• **DATASET**:
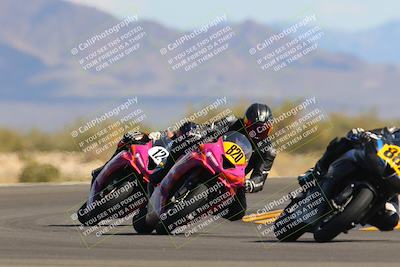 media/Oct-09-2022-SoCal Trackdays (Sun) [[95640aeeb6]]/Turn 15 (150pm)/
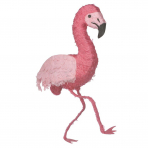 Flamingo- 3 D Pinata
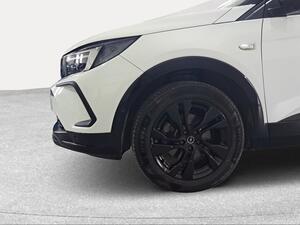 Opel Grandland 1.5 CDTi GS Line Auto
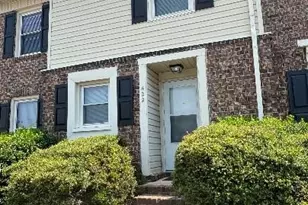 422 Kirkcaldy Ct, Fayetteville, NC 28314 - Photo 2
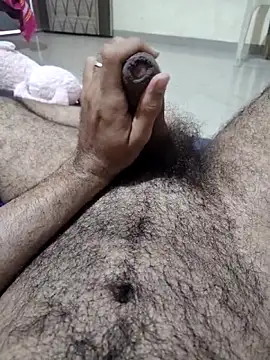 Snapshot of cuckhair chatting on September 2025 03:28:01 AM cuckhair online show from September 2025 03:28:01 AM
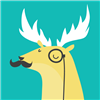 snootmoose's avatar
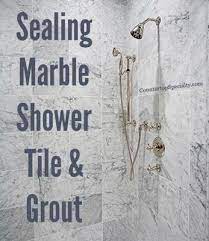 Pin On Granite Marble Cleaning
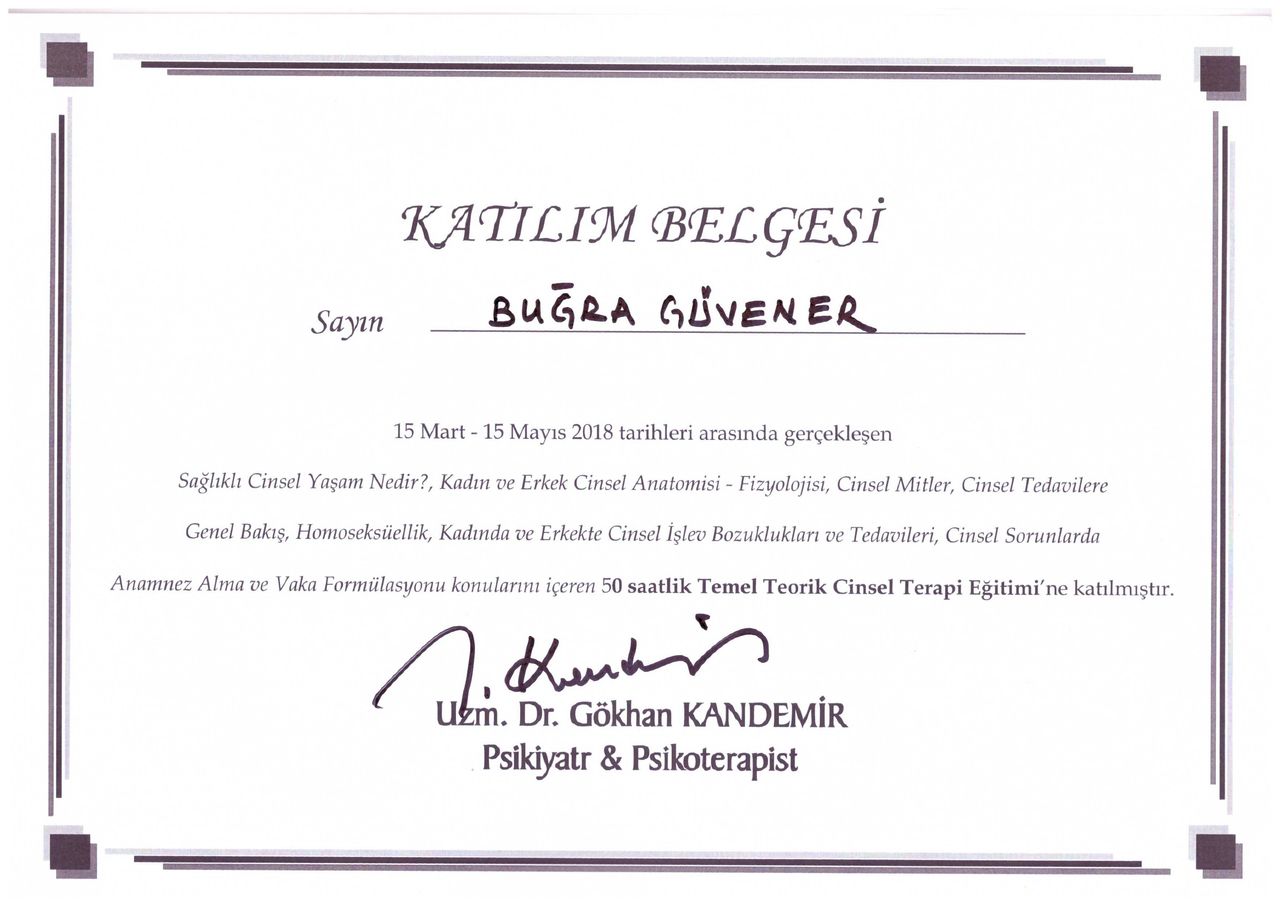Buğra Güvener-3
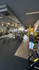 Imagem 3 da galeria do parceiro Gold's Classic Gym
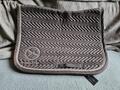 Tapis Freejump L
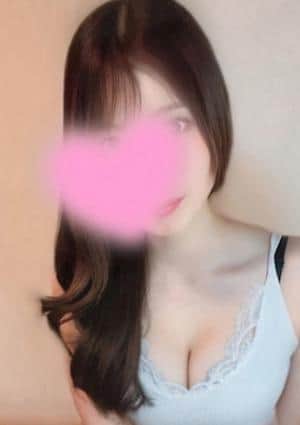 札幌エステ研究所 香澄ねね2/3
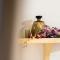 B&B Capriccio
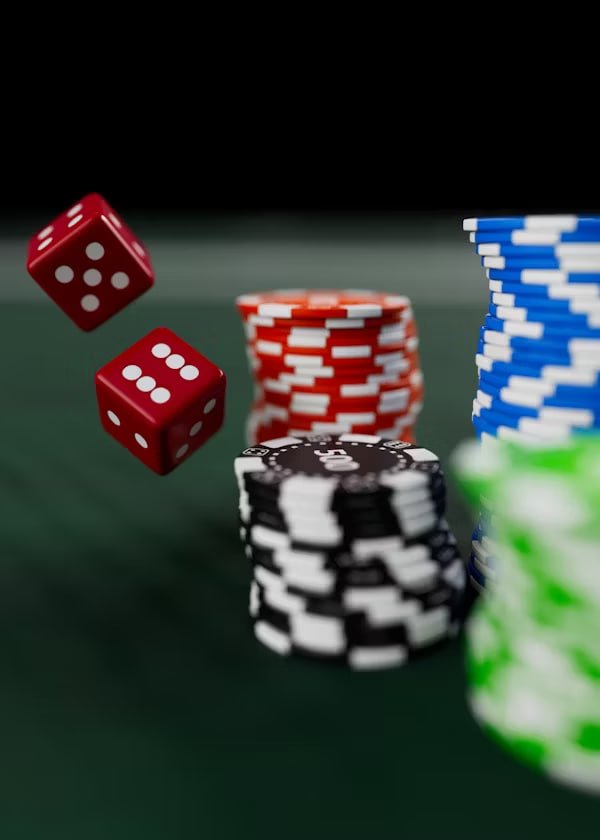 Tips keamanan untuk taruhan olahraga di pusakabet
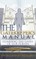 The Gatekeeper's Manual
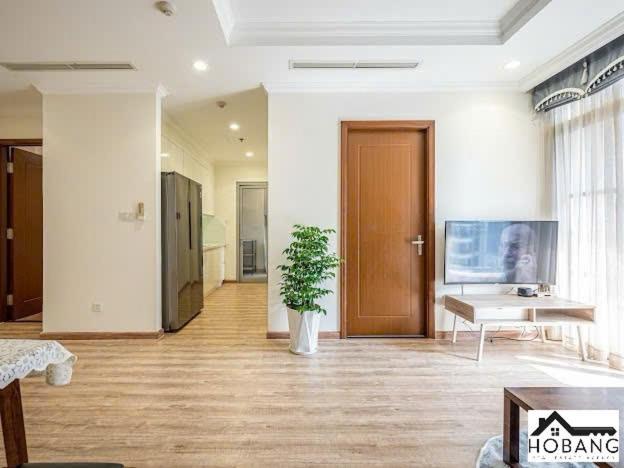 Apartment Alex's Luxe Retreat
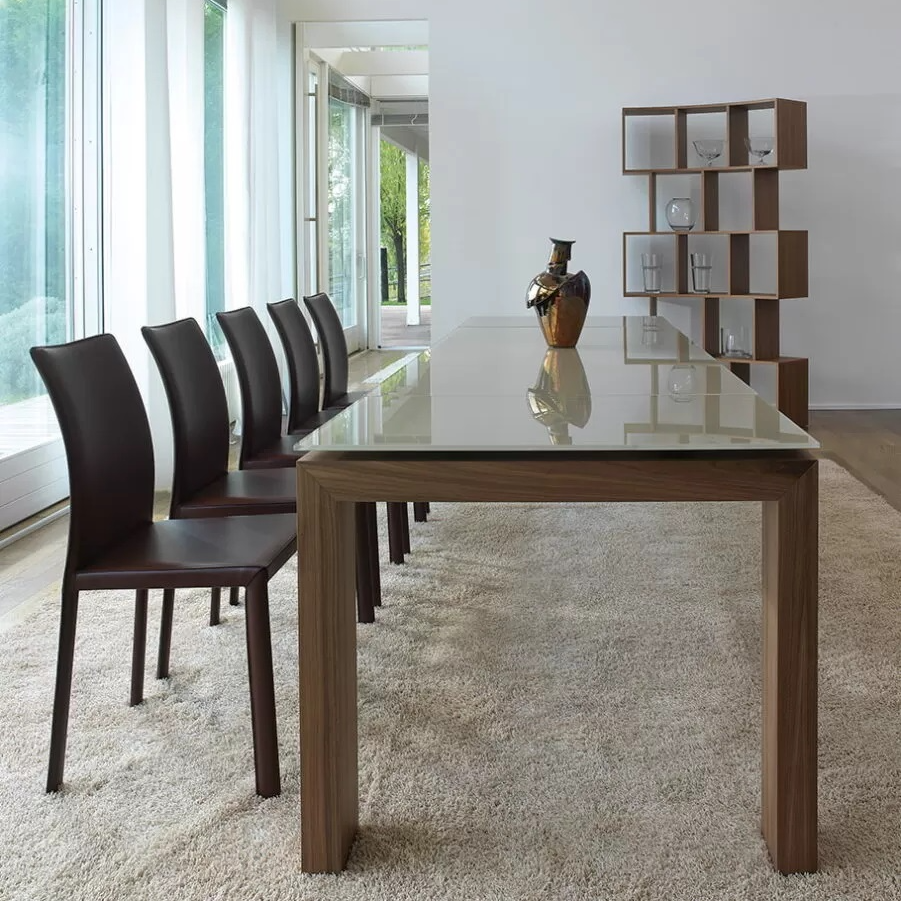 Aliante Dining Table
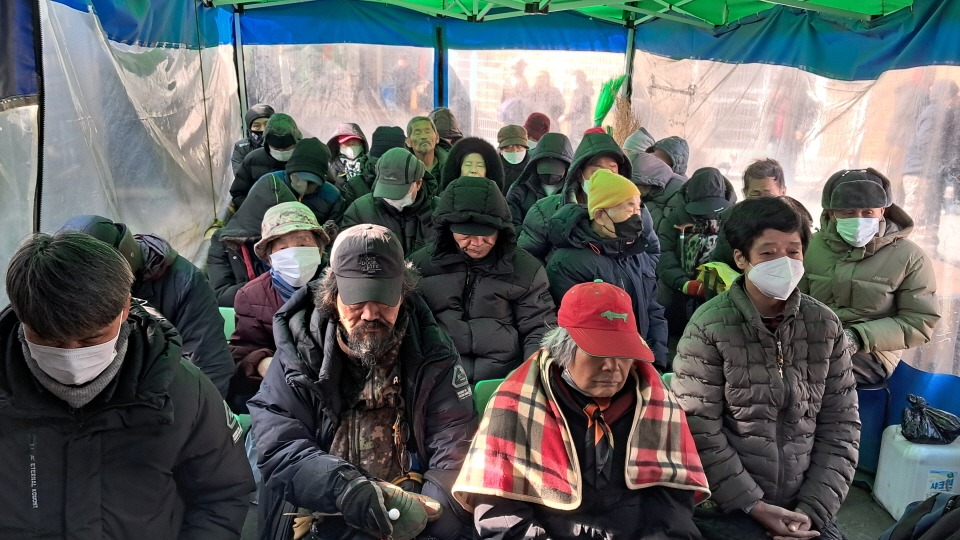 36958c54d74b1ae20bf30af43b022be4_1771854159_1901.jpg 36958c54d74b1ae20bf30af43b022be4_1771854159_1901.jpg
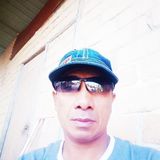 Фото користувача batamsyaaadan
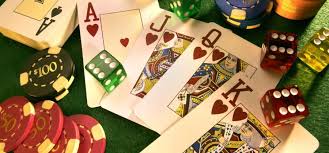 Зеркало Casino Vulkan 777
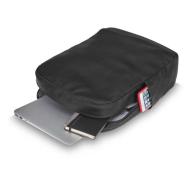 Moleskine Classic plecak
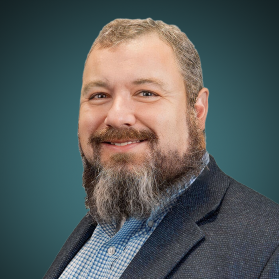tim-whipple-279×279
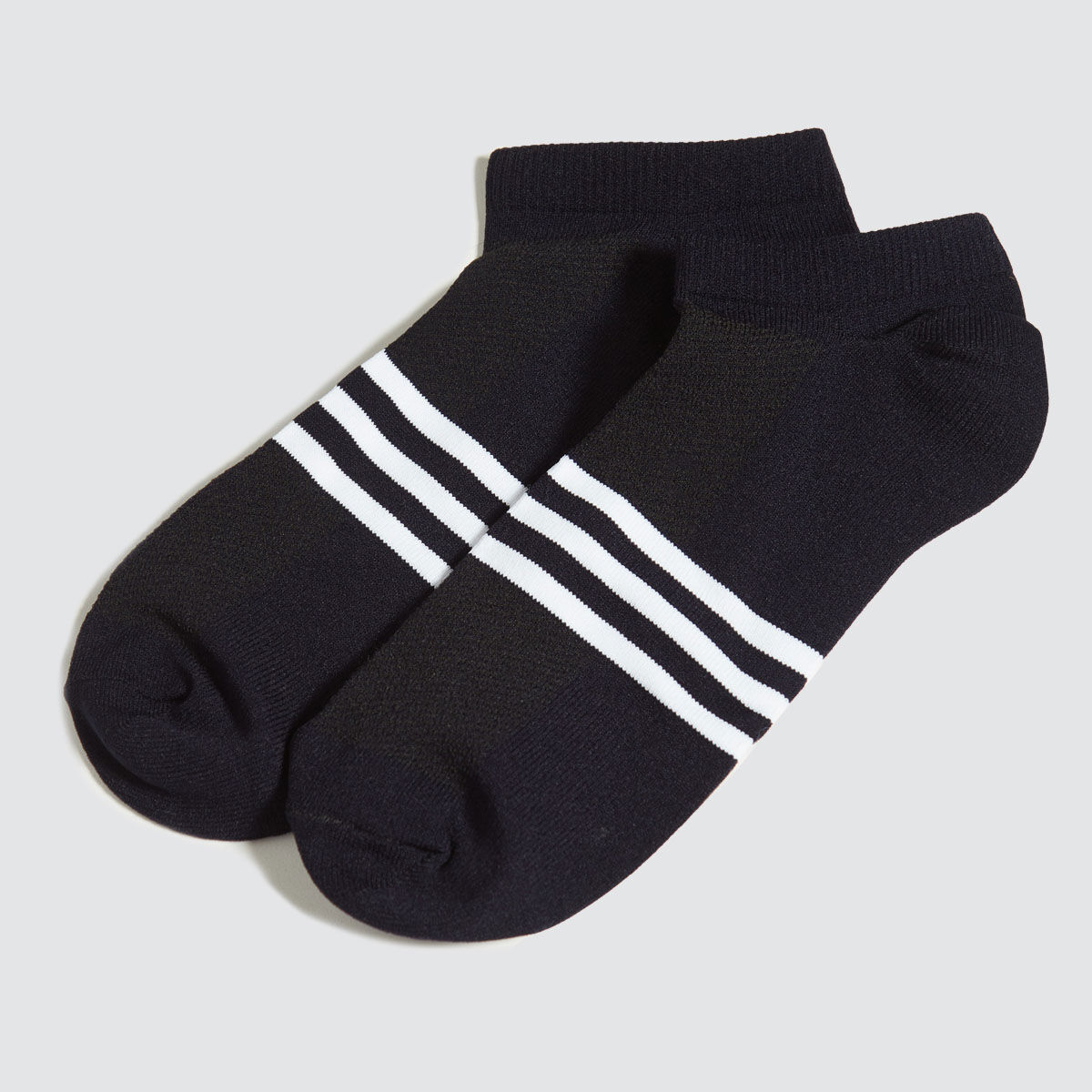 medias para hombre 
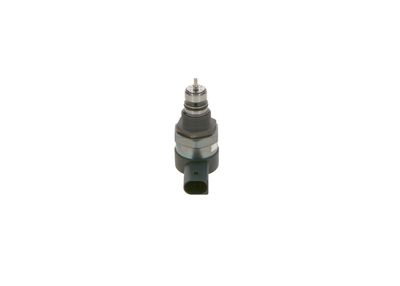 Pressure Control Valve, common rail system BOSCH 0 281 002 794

• **AIM OF THE EXERCISE**: For this exercise, the lines from the one containing "Tips keamanan untuk" through the last line of the entries above are to be output exactly, both included, and pictures are skipped.

• **OUTPUT OF THE EXERCISE**:
 Tips keamanan untuk taruhan olahraga di pusakabet
 The Gatekeeper's Manual
 Apartment Alex's Luxe Retreat
 Aliante Dining Table
 36958c54d74b1ae20bf30af43b022be4_1771854159_1901.jpg 36958c54d74b1ae20bf30af43b022be4_1771854159_1901.jpg
 Фото користувача batamsyaaadan
 Зеркало Casino Vulkan 777
 Moleskine Classic plecak
tim-whipple-279×279
 medias para hombre 
 Pressure Control Valve, common rail system BOSCH 0 281 002 794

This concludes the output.